How well does your company achieve your strategic goals? Meeting and overcoming crises?

One approach to assessing your company’s readiness is to apply a 5 Star Points model, which looks at the business from five perspectives, all centered on strategy.A star with each of the Persimmon Group's five main topics for strategy on each point: Culture, Structure, Processes, Tools, and People

To get started, draw a star on a sheet of paper. In the center, write “Strategy.” Next ask yourself the following questions:

  • How well-defined is your strategy?
  • Who is your audience?
  • Has the recession and the work force generational shift affected it?
  • Have you identified three to five goals with initiatives to support them?
  • Does every person in the company understand how they relate to the strategy?

Your answers to these questions will give you an idea of where to start when creating your own 5 Start Points Model.

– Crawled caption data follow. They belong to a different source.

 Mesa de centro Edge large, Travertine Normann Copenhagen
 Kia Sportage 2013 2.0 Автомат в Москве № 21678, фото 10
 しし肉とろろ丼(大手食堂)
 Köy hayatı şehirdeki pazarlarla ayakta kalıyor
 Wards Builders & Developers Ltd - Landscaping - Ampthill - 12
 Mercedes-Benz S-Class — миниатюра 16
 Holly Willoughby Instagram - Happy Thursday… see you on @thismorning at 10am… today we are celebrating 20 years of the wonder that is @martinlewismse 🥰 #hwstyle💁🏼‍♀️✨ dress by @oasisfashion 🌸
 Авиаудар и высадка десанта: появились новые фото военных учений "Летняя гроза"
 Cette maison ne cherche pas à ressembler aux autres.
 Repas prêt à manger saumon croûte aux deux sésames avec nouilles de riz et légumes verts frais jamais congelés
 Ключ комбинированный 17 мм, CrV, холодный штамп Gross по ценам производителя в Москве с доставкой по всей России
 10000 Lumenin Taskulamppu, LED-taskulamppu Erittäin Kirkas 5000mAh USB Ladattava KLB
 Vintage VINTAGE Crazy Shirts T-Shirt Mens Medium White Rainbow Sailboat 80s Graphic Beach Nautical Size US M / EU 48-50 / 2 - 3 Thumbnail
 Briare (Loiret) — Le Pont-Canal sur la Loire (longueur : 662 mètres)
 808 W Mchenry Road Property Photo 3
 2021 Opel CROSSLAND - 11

How to Use the 5 Star Points Model

The 5 Star Points assess how well the business performs toward achieving the strategy goals. So what are the 5 points?

The Star Model: 5 Points

  1. To create and sell a product or service, the company must have processes. These provide consistency at the high level, but should be adaptable and flexible where distinction is needed. Many companies fail to continue improving processes without proceduralizing them. Processes should not be cookbooks — they should be key steps or checkpoints to ensure quality and efficiency still support innovation and improvement.
  2. The personalities, skills, and competencies you hire are your business. They provide it the “humaneness” that creates new ideas and approaches, and ultimately the face of the company. So many businesses have tried to drive out this factor through processes and procedures, with little to no success. Accept that people are different, and that this is a strength rather than an issue.
  3. How you organize your people to support your processes may change, based on the situation or strategy. Currently, most companies seek to “flatten” the organization, reducing the number of levels between the front line worker and the executive.
  4. What the organization uses — tools, software, and hardware — to accomplish its work. Often, management seeks the “silver bullet” tool that will fix all of its problems, but actually this is a fundamental mistake — and usually an expensive one. Tools enable the people, organization, and processes. If those areas have issues, then tools only make them worse over time. Do your tools support good processes? The team members’ roles? The organization? If not, challenge their usefulness.
  5. What does the company stand for? Why would someone want to work for it? Culture has been out of sight to many executives until recently—mainly due to the trend of driving out risk and uniqueness through proceduralization. But culture is back in full force; and the younger workers are choosing companies based on it. Its focus on values, principles, and social relations can keep your company intact and strengthen in tough times. Without it, a job is just a paycheck.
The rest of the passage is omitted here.